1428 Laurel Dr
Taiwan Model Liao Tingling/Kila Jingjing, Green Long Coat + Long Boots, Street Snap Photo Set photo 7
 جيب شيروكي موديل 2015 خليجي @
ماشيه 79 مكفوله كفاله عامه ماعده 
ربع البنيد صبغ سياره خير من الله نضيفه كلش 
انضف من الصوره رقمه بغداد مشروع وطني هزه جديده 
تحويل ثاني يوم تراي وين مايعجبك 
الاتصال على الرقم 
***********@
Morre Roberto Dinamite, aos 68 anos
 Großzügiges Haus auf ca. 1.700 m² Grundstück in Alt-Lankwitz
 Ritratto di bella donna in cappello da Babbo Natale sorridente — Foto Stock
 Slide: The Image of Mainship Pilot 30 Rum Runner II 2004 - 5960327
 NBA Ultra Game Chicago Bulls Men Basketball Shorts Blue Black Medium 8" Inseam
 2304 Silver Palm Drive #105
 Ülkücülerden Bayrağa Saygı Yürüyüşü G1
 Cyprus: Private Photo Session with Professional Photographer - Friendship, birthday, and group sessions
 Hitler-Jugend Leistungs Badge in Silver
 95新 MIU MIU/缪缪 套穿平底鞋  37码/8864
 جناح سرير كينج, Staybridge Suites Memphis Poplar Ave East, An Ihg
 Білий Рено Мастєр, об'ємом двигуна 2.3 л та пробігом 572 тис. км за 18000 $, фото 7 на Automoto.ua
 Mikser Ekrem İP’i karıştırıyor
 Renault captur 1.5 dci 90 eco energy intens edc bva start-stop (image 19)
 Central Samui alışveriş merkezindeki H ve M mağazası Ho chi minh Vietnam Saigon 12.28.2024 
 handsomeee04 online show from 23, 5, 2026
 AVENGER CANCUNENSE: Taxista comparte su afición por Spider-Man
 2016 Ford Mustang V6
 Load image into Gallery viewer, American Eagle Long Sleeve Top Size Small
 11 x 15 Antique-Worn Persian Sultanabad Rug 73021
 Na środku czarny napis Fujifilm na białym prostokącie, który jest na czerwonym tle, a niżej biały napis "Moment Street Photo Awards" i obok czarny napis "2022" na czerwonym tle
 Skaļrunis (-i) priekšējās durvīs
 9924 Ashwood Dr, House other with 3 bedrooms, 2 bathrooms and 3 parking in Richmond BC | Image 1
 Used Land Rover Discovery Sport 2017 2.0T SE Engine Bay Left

################

**Exercise requirements**.
There is one span to return: the line holding "95新 MIU MIU/缪缪" and every line after it through the end of the listing above; please give it exactly and add nothing.

**Answer box**.
 95新 MIU MIU/缪缪 套穿平底鞋  37码/8864
 جناح سرير كينج, Staybridge Suites Memphis Poplar Ave East, An Ihg
 Білий Рено Мастєр, об'ємом двигуна 2.3 л та пробігом 572 тис. км за 18000 $, фото 7 на Automoto.ua
 Mikser Ekrem İP’i karıştırıyor
 Renault captur 1.5 dci 90 eco energy intens edc bva start-stop (image 19)
 Central Samui alışveriş merkezindeki H ve M mağazası Ho chi minh Vietnam Saigon 12.28.2024 
 handsomeee04 online show from 23, 5, 2026
 AVENGER CANCUNENSE: Taxista comparte su afición por Spider-Man
 2016 Ford Mustang V6
 Load image into Gallery viewer, American Eagle Long Sleeve Top Size Small
 11 x 15 Antique-Worn Persian Sultanabad Rug 73021
 Na środku czarny napis Fujifilm na białym prostokącie, który jest na czerwonym tle, a niżej biały napis "Moment Street Photo Awards" i obok czarny napis "2022" na czerwonym tle
 Skaļrunis (-i) priekšējās durvīs
 9924 Ashwood Dr, House other with 3 bedrooms, 2 bathrooms and 3 parking in Richmond BC | Image 1
 Used Land Rover Discovery Sport 2017 2.0T SE Engine Bay Left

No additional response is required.